[TriLUG] Tracking File Downloads

Ken M ken at mack-z.com
Sun Jan 25 13:08:34 EST 2015


No worries, I don't consider it a hijack.  You gave a really good suggestion for me to add to my arsenal.

Cloudflare or not I still want to figure out my own on server solution to this as well though.  But I think the combination well help me improve the confidence I have in report accuracy.

Right now what I am doing for reporting is this.

I have 2 scripts, one meant to be run daily and one hourly.  These scripts filter for the site (multisite install) as they build these working logs.

The daily one build temp logs from zcat reads of the archive into temporary month day and week logs.  Then those logs are run through goaccess to build html reports.

Those daily logs have three modes, Past month, past week, past day.  And there are 2 categories for each mode.  Episode download and full site statistics.  The latter being an unfiltered run through goaccess.

The hourly job just passes the current nginx access log through goaccess filtering only for site and builds a report.

So all of that is working and in drupal I have a content type that only the admin and editors can see for site reports and each one is a quick php script that checks the presence of the report they are to display.  If it is there it puts the last modified date out then includes the html of the report.  If not it displays an error msg.

So far an elegant solution.  I need to set up drupal to alter the template though for the reports as the overall site template kind of gets in the way.  The reports are out of any web root and the pages to include them in drupal are secured so no user without the proper credentials can get to them.

The last thing I need to do in all this is setup a monthly cron job to snapshot each months report to an archive location.

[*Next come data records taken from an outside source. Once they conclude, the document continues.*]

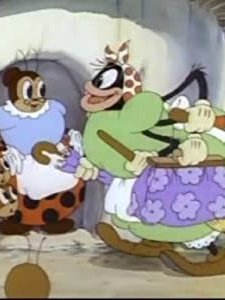 Mrs. Ladybug (1940) afişi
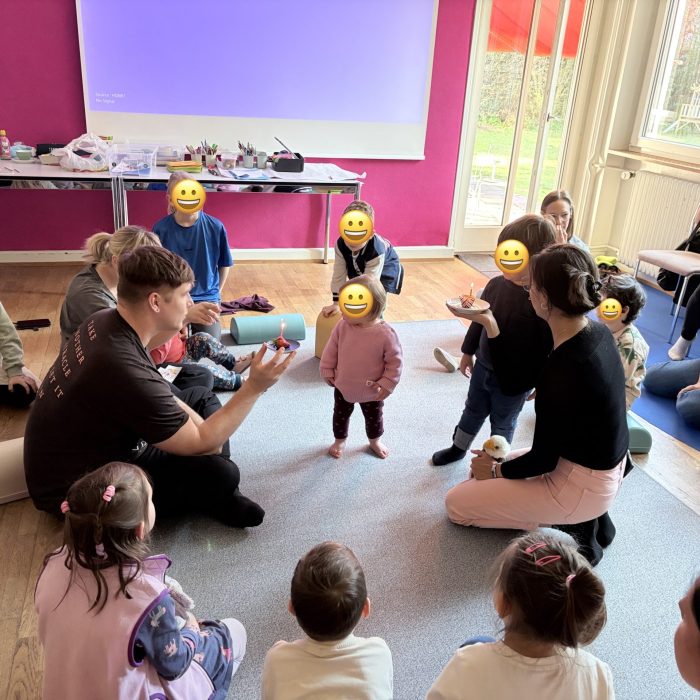 IMG_0630 Polskie dzieci podczas zajęć w Klubiku Orzełki Luzern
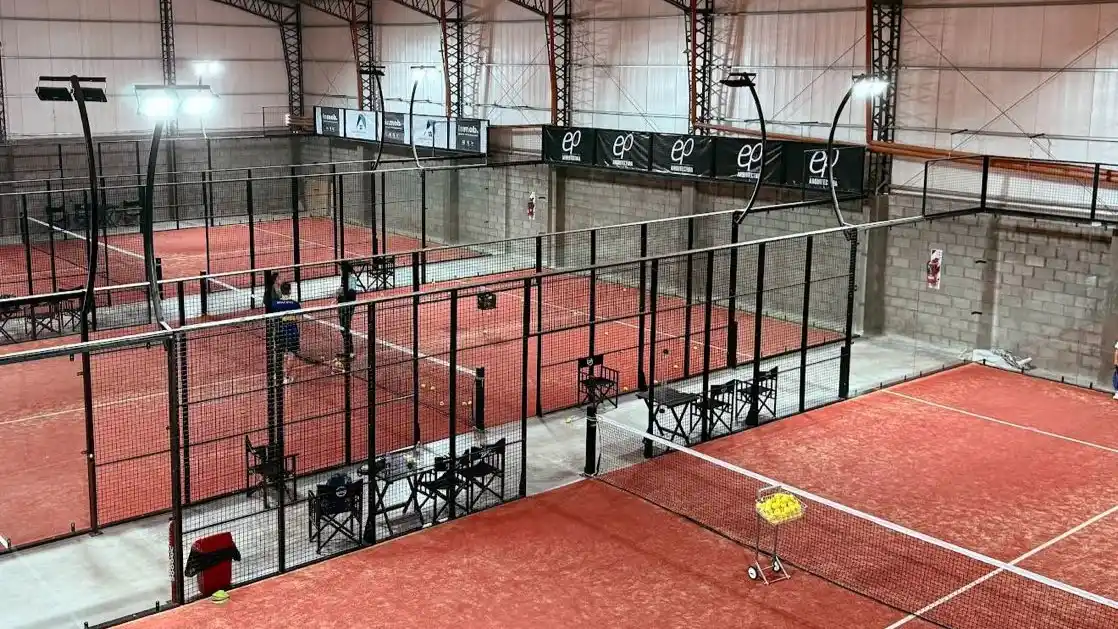 Los Troncos, el escenario de un nuevo certamen de pádel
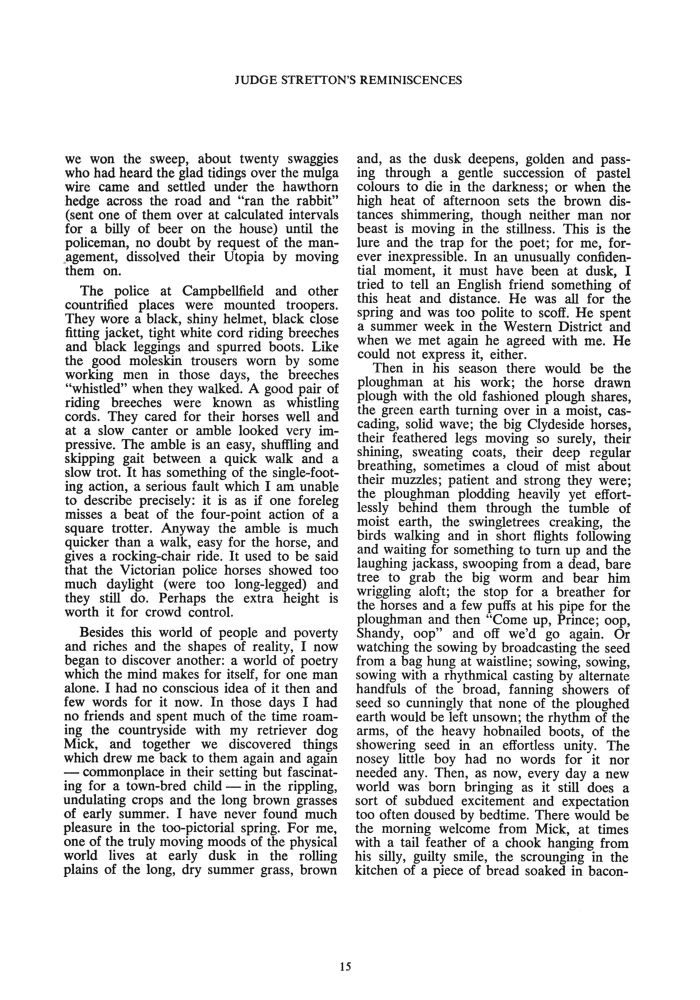 Page 15 - No 17 April 1976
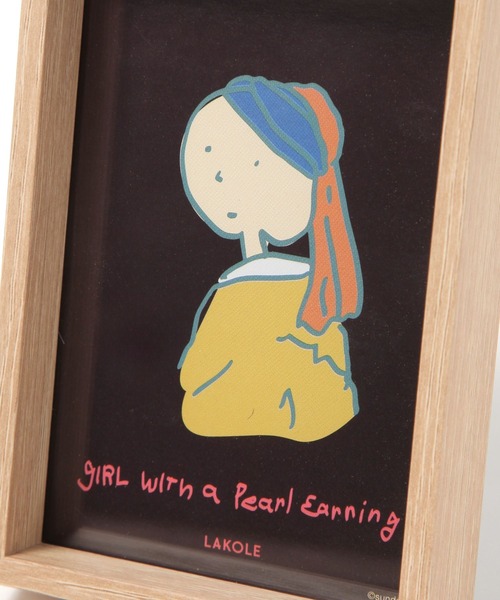 LAKOLE（ラコレ）の「[世界の名作]フォトフレーム / 139934（フォトフレーム・レディース・その他3/その他2/その他1・FREE）」の15枚目の写真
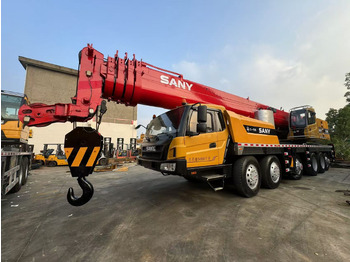 Mobile crane SANY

The need for this solution is drupals own site statistics although capturing the event are not the most friendly to view and their collection hits the DB which is a performance concern.  Analytics with drupal can only capture so much and direct file access like podcatchers will use is not one of them.

Ken

On Sun, Jan 25, 2015 at 12:57:50PM -0500, Igor Partola wrote:
> Oh I absolutely understand that. The free CloudFlare plan gives you a TTL of one hour which if you are doing active development can be way too long. Though this won't help you with analytics, they do have a lower level option where they don't cache things at all, but then they also just marshal TCP connections around.
> 
> On the whole, I think a CDN is a very good thing to do for any size site. Let them worry about network capacities, uptime, etc. I am certainly converting all my sites to use it, though slowly.
> 
> I'll stop hijacking this thread now as your actual question still needs to be answered.